SIMBAD references

We present results from an extensive set of one- and two-dimensional radiation-hydrodynamic simulations of the supernova core-collapse, bounce, and postbounce phases and focus on the proto-neutron star (PNS) spin periods and rotational profiles as a function of initial iron core angular velocity, degree of differential rotation, and progenitor mass. For the models considered, we find a roughly linear mapping between initial iron core rotation rate and PNS spin. The results indicate that the magnitude of the precollapse iron core angular velocities is the single most important factor in determining the PNS spin. Differences in progenitor mass and degree of differential rotation lead only to small variations in the PNS rotational period and profile. Based on our calculated PNS spins at ∼200-300 ms after bounce and assuming angular momentum conservation, we estimate final neutron star rotation periods.

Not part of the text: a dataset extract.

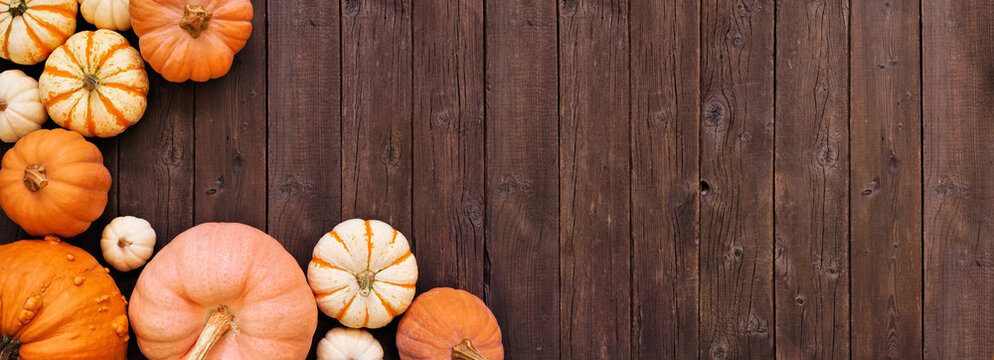 Fall corner border of an assortment of pumpkins over a rustic dark wood banner background. Overhead view with copy space.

We find periods of 1 ms and shorter for initial central iron core periods of ≲10 s. This is appreciably shorter than what previous studies have predicted and is in disagreement with current observational data from pulsar astronomy. After considering possible spin-down mechanisms that could lead to longer periods, we conclude that there is no mechanism that can robustly spin down a neutron star from ∼1 ms periods to the ``injection'' periods of tens to hundreds of milliseconds observed for young pulsars. Our results indicate that, given current knowledge of the limitations of neutron star spin-down mechanisms, precollapse iron cores must rotate with periods of around 50-100 s to form neutron stars with periods generically near those inferred for the radio pulsar population.